Aimeriez-vous voir vos romans adaptés en film ou série ? Et si oui, lequel de préférence ?

C’est un vieux rêve d’enfant, même si le livre est destiné à être un livre. L’aspect cinématographique de mon écriture est une fin en soi, c’est ma manière d’écrire. Mais il se trouve que mon roman De fièvre et de sang est en cours d’adaptation pour la télévision. Je suis extrêmement flatté et il me tarde de voir ce que cela pourra donner. D’autant plus que les producteurs, réalisateurs et scénaristes m’ont expliqué ce qu’ils comptent faire et à mes yeux leurs idées sont brillantes. Ils ont décidé de rendre la série beaucoup plus subversive et transgressive que ne l’était le livre.
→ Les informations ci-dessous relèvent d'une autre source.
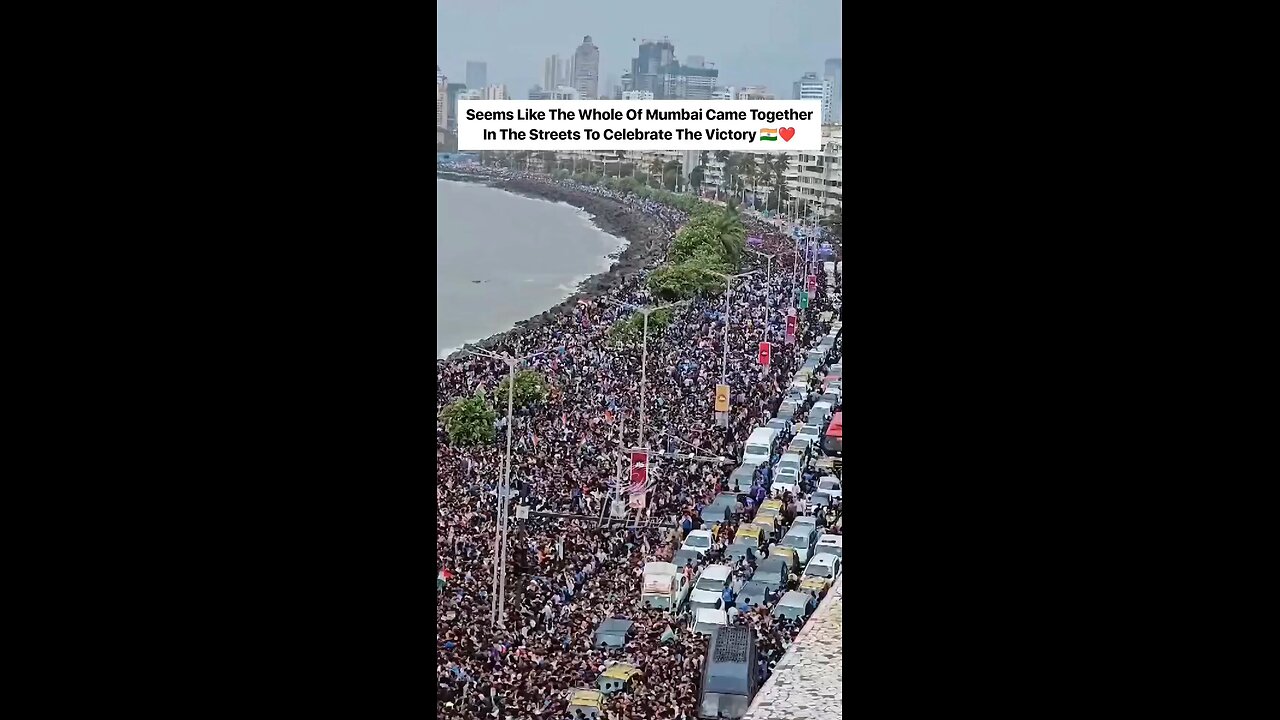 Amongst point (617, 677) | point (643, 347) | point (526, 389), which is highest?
point (643, 347)

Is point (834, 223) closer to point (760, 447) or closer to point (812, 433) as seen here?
point (812, 433)

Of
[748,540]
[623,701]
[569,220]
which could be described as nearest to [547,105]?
[569,220]

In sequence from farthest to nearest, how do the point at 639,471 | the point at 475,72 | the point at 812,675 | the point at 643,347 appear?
the point at 643,347 < the point at 639,471 < the point at 475,72 < the point at 812,675

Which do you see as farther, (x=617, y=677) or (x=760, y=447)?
(x=760, y=447)

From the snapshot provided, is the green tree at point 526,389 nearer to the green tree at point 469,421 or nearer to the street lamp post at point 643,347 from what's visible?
the green tree at point 469,421

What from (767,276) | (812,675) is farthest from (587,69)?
(812,675)

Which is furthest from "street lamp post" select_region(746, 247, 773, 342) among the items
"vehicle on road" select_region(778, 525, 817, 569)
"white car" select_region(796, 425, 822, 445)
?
"vehicle on road" select_region(778, 525, 817, 569)

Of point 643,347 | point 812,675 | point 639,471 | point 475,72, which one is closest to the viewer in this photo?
point 812,675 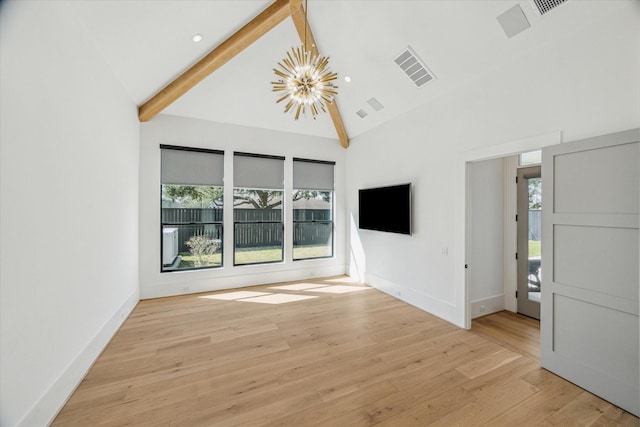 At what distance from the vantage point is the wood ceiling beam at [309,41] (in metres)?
3.53

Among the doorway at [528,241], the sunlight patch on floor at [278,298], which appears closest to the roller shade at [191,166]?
the sunlight patch on floor at [278,298]

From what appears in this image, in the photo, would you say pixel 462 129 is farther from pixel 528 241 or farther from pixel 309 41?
pixel 309 41

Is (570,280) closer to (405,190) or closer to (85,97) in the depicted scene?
(405,190)

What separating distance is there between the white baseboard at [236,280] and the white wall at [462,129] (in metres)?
0.87

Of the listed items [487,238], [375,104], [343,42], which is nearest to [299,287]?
[487,238]

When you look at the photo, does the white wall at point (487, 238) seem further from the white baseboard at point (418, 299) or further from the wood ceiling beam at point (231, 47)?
the wood ceiling beam at point (231, 47)

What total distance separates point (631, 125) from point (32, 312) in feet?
16.1

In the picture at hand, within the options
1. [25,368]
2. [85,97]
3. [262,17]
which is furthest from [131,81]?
[25,368]

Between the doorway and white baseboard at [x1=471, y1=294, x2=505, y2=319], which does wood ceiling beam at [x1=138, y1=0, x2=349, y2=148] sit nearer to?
the doorway

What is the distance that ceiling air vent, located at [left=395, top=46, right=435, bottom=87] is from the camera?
3576 millimetres

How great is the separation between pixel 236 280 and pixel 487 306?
463 centimetres

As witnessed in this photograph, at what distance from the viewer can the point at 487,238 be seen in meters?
4.05

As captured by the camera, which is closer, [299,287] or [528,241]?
[528,241]

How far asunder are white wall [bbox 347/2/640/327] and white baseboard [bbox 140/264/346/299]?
0.87 meters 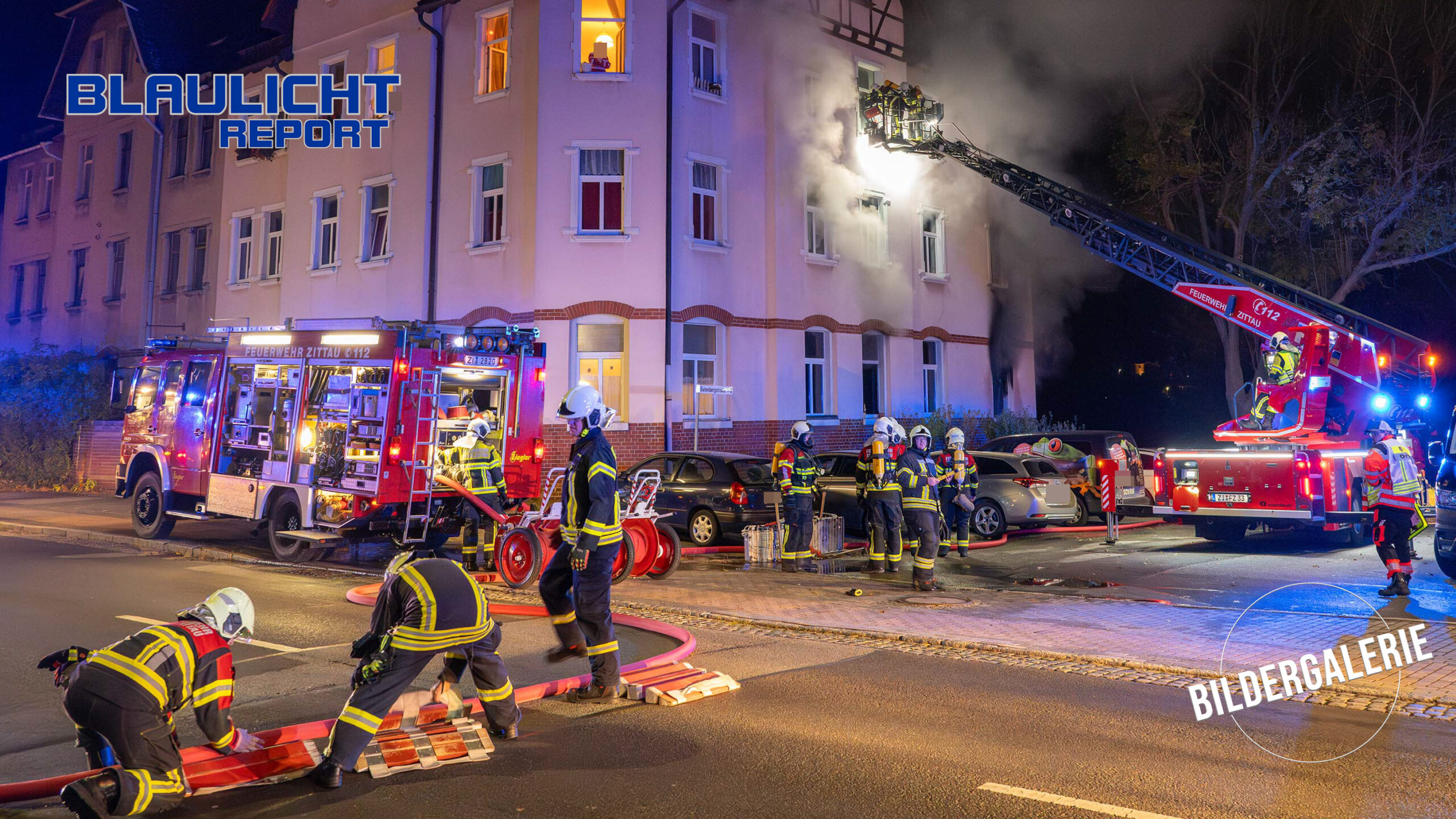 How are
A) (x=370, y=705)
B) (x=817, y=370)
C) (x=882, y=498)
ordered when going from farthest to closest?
(x=817, y=370)
(x=882, y=498)
(x=370, y=705)

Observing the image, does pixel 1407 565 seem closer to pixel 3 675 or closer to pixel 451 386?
pixel 451 386

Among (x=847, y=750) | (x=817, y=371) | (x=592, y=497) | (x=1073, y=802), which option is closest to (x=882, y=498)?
(x=592, y=497)

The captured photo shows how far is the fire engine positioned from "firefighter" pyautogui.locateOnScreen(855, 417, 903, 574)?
428cm

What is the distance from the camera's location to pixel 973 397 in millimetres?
24609

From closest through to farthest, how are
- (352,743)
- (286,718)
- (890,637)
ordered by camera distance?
(352,743) < (286,718) < (890,637)

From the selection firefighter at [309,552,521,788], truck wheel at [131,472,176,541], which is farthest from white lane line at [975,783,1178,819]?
truck wheel at [131,472,176,541]

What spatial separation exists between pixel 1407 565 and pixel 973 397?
1534 cm

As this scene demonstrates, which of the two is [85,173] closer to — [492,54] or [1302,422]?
[492,54]

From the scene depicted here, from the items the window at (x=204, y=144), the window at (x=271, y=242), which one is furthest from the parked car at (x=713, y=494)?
the window at (x=204, y=144)

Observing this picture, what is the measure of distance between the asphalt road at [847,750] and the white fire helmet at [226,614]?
0.79 m

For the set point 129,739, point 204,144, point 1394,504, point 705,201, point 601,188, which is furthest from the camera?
point 204,144

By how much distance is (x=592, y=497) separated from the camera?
20.5ft

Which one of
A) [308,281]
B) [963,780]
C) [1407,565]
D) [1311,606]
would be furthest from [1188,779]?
[308,281]

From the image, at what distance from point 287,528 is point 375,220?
36.0 feet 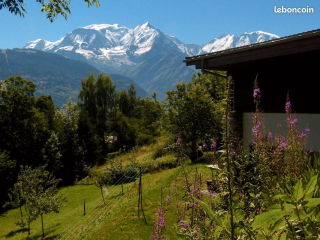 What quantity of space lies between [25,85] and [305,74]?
91.6 feet

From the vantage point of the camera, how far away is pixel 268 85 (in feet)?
21.2

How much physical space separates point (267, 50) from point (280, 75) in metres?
1.09

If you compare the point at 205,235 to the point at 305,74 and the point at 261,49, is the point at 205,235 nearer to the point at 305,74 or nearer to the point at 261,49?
the point at 261,49

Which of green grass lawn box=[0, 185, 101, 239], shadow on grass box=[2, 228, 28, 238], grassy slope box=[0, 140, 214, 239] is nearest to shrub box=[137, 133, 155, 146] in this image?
green grass lawn box=[0, 185, 101, 239]

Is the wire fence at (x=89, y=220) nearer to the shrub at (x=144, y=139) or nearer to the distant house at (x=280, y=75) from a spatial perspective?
the distant house at (x=280, y=75)

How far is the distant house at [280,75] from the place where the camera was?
5.18 metres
Il me tarde sincèrement de voir le résultat. Mais il faudra encore un peu de patience…

Comme vous êtes un amateur de musique métal, et que d’ailleurs à chaque livre c’est un aspect qui revient pour l’un de vos personnages, avez-vous un coup de cœur groupe/album/chanson à nous conseiller de découvrir vivement ?

Toute la discographie d’Alice Cooper qui est un génie de que je vénère, à commencer par le morceau Vengeance is mine qui ouvre Vindicta.

 

Un tout grand merci pour cette interview Cédric Sire. Et bonne continuation dans le monde des histoires qui font peur!